What the exercise asks: Reproduce verbatim all of the data given below, but do not carry over the images.

Data for review:
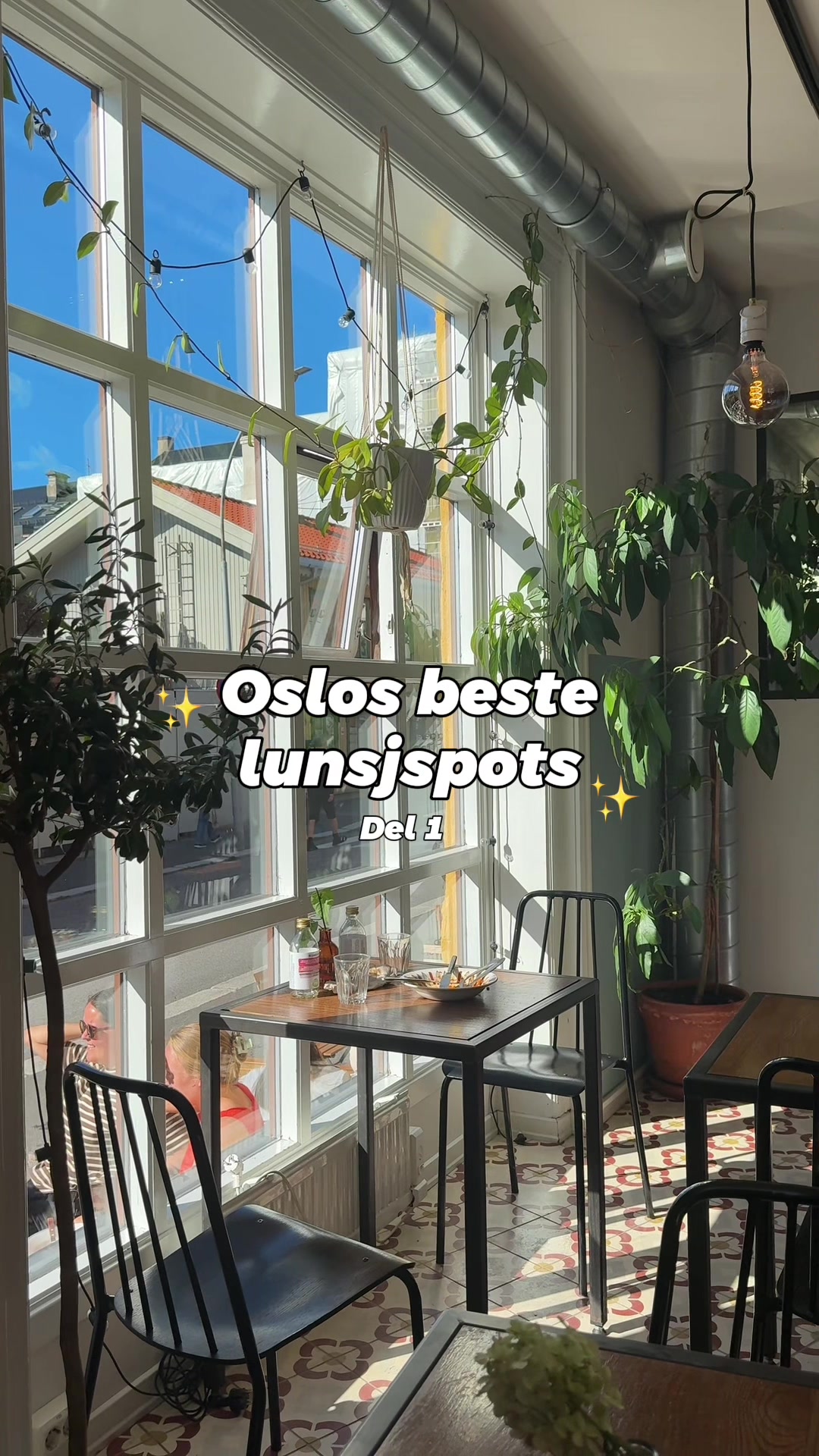 @Mer av Oslo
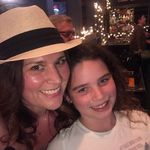 Cindy Lingerfelt - @ksuwildcatchic - Instagram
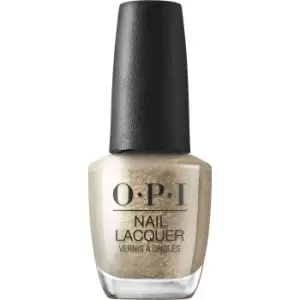 OPI Fall of Wonders Collection Nail Polish 15ml (Various Shades) - I Mica Be Dreaming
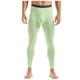 thumbnail image 1 of Pantalones largos para hombre, sólidos, transpirables, informales, con cintura elástica y bolsillos, pantalones deportivos para hombre., 1 of 4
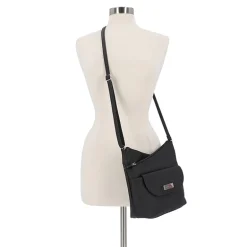 Multi Sac Vista Crossbody Bag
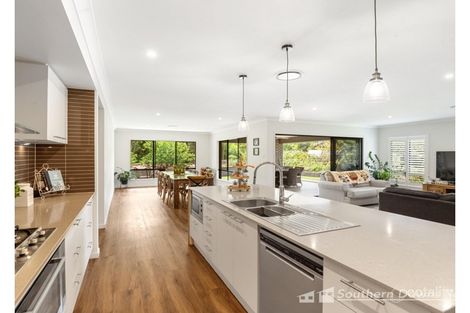 Property photo of 13A Bundaleer Drive Warwick QLD 4370
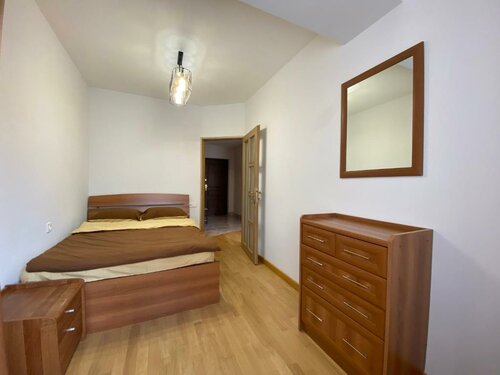 Апартаменты Yerevan Elite Stay - Northern Avenue Apartment в Ереване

Output of the task:
 @Mer av Oslo
 Cindy Lingerfelt - @ksuwildcatchic - Instagram
 OPI Fall of Wonders Collection Nail Polish 15ml (Various Shades) - I Mica Be Dreaming
 thumbnail image 1 of Pantalones largos para hombre, sólidos, transpirables, informales, con cintura elástica y bolsillos, pantalones deportivos para hombre., 1 of 4
 Multi Sac Vista Crossbody Bag
 Property photo of 13A Bundaleer Drive Warwick QLD 4370
 Апартаменты Yerevan Elite Stay - Northern Avenue Apartment в Ереване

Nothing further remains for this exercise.